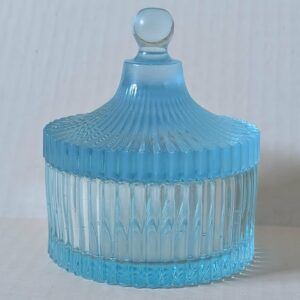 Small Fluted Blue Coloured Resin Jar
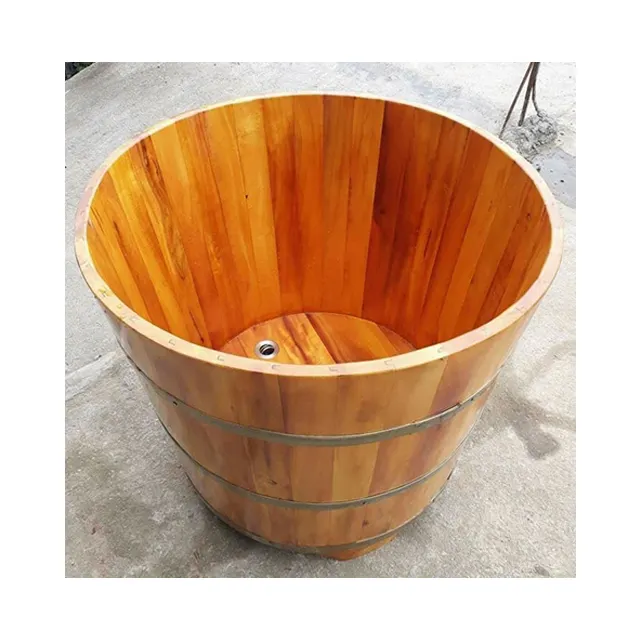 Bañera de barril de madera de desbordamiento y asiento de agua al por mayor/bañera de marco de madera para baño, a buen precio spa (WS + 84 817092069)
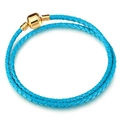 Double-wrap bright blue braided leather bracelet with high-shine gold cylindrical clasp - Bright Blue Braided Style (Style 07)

• EXERCISE INSTRUCTIONS: An exact copy of all the data above is required; omit any pictures.

• RESPONSE TO THE EXERCISE:
 Small Fluted Blue Coloured Resin Jar
 Bañera de barril de madera de desbordamiento y asiento de agua al por mayor/bañera de marco de madera para baño, a buen precio spa (WS + 84 817092069)
 Double-wrap bright blue braided leather bracelet with high-shine gold cylindrical clasp - Bright Blue Braided Style (Style 07)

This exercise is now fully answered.